As I stood there in an empty pew a few rows back from where everyone else stood singing I got so caught up in the moment like I did every Sunday night at my youth groups worship time.
Worship always freed me. Not Sunday morning worship, Sunday night. At youth group. Not that our worship pastor wasn't good, but it all had to do with the atmosphere; who I was around, what songs we were singing, that sort of thing. I had never stood in my own pew before for worship until last week when I had left the sanctuary for a moment, when I came back I didn't want to disturb anyone so i went to one of the end rows.
It was amazing.
From there I could see everyone being so undignified for the Lord.

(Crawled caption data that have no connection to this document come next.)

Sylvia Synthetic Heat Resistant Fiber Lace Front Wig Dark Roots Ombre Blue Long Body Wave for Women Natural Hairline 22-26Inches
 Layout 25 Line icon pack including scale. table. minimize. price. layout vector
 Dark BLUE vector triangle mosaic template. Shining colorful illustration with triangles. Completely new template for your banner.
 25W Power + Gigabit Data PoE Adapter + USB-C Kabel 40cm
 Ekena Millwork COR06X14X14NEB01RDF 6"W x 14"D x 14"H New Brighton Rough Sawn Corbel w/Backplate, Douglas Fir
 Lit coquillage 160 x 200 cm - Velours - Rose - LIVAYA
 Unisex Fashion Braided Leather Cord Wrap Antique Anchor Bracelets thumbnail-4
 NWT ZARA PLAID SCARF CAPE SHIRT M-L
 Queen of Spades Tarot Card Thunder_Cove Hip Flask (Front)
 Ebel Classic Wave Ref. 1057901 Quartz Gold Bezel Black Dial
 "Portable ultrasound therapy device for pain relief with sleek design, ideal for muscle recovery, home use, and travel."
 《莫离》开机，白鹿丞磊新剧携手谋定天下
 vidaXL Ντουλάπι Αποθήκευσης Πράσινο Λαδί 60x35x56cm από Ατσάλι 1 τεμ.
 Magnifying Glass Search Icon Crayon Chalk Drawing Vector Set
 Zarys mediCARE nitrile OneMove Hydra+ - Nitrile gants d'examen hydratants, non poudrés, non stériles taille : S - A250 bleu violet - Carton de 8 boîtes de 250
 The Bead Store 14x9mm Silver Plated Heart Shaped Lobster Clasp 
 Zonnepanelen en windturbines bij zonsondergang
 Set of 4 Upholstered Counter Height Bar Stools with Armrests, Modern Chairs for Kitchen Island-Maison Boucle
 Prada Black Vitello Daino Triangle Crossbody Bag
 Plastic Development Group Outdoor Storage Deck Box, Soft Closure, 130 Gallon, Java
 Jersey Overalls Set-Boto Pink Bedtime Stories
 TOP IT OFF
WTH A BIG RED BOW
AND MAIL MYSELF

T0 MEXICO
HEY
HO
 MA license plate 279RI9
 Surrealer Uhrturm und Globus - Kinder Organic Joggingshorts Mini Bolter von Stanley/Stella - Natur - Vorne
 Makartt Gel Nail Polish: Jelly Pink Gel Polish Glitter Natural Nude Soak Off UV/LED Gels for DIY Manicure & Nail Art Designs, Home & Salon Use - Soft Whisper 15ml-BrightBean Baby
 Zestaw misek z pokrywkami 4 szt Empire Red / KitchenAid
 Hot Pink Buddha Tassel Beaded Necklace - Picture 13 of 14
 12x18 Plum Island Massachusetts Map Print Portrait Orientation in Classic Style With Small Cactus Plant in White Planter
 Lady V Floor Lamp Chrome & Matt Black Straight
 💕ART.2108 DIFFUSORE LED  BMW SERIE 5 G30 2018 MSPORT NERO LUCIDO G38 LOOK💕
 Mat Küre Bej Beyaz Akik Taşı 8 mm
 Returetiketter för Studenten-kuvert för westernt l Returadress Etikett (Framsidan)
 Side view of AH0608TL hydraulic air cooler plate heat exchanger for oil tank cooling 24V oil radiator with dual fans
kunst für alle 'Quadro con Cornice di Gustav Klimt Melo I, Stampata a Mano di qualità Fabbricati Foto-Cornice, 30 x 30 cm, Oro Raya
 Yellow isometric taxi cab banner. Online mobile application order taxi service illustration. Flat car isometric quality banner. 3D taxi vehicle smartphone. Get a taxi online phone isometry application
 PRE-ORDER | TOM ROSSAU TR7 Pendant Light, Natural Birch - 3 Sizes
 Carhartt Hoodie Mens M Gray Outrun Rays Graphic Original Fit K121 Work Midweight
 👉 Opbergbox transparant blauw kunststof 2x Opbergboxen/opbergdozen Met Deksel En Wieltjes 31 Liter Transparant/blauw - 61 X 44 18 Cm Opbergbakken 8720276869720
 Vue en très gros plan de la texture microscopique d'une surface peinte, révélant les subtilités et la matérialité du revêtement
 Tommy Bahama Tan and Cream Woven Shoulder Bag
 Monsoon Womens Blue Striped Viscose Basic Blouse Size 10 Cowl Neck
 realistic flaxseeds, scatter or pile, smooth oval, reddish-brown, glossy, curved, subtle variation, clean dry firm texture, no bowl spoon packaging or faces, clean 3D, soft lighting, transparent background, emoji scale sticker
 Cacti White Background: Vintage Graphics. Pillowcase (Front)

People were standing on the pews, ballroom dancing, raising their hands and just being crazy on fire for God.
The sight brought a huge smile to my face. It made me dance too. I realized that it was here, sitting in the way back, yet surrounded by people, that I found I could be undignified too. It was a feeling I couldn't explain to you. It wasn't something I could get a Sunday morning church service. Only here.
When I listened to the songs I sang my heart out. Whenever I'm there it's just me and God. I know that no matter where I am or what I'm dealing with that God is holding me. It's just a sense of comfort that I crave all week long for.
Teenagers from all different backgrounds with all different stories coming together to worship God.
It was truly amazing.
One of my favorite things is watching everyone else worship. Their hands are raised high and you can just tell that they have such a heart for God. It's awesome.
I'm so thankful for those moments, though I wish they would last longer then a couple of songs.
Thank you for everyone who has inspired me over the years and who continue to inspire me. Thank you for all you teenagers that love God and aren't afraid to show it. You truly amaze me.